Do you have your eclipse glasses? A hotel reservation? An alternate travel plan just in case it’s cloudy in Wyoming -- or wherever you hope to see the eclipse?

If you've missed the memo, don't worry. I'm your guide for the 2017 total solar eclipse. Here's everything you need to know -- and a few things you didn’t know you needed to know and, well, a few random bits of cool.

It's Here! Finally!

Monday, Aug. 21 is the day, and the eclipse is crossing over North America. NASA is providing a live video feed of the event as it happens. If you can't get out to see it in person, you can watch it right here.


And if you can get outside to see the big event, here's some tips to help you enjoy it.

Enlighten Yourself On The 2017 Total Solar Eclipse

First, check out KUNC reporter Jackie Fortier’s work. She breaks down the nuts and bolts of the big event. Find out exactly what makes the solar eclipse interesting where exactly you can go to be in the path of totality. As I mentioned, don’t forget to check the weather and have a Plan B just in case of, you know, rain.

The most important thing you need to enjoy the solar eclipse is a pair of eclipse glasses. To make sure yours will protect your eyes, look for International Safety Standard No. (ISO) 12312-2 printed on the glasses somewhere. If you find that difficult to remember, here’s a trick I use: highlight the number and paste it in an email or text to yourself. Or screenshot this page. When you’ve got your glasses in hand, you can check the number that way.

Credit Science Friday
Science Friday

Don't Enlighten Your Pets

While their humans can take safety precautions and make good use of tools for a safe, happy eclipse, pets don't have hands and have a hard time with eclipse glasses.
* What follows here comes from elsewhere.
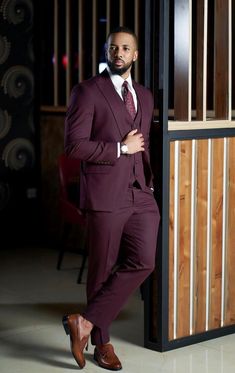 Burgundy 3 Pieces Single Breasted Suit,burgundy Mens Suit,burgundy Wedding Suit,burgundy Mens Suit,fitted Mens Suit,burgundy Groomsmen Suit - Etsy Black And Burgundy Groomsmen, Classic Burgundy Wedding Suit, Elegant Burgundy Wedding Suits, Festive Business Three-piece Suit, Elegant Burgundy Sets For Wedding, Elegant Burgundy Wedding Sets, Wine Color Suits For Men, Festive Three-piece Suit For Groom, Festive Three-piece Suit For Grooms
Jennie Willis, an animal behavior expert with Colorado State University, has some tips to keep your animal safe.

  1. Credit Ashley Jefcoat / KUNC
    Eclipse glasses black out normal light, so animals are particularly uncomfortable with them. Bring your pets inside to help keep them safe.
      Leave your pet indoors, curtains drawn and with some lights on. This will be less confusing for your furry friend, who won't understand why it's so dark outside.
  2. If you are heading out to see the eclipse, leave your pet at home. Events will be crowded and the whole thing is very confusing for animals. They're much safer on the couch.
  3. If you do go outside, keep your dog on a leash. Animals can behavior abnormally during an eclipse. If Fido decides that it's time for to the zoomies, a leash will keep her close by.
  4. Don't encourage your pets to look at the sun. While animals generally don't spend their time looking up at the sun on a normal day, pets -- especially dogs -- tend to look at what their humans are looking at. They don't like headgear and are likely to try and remove any sort of protective eyewear you attach. Try to use a toy or some other distraction to keep their head down during the main event.
  5. If you have birds, cover their cages. Birds are very sensitive to changes in light and an eclipse could be very traumatic for them.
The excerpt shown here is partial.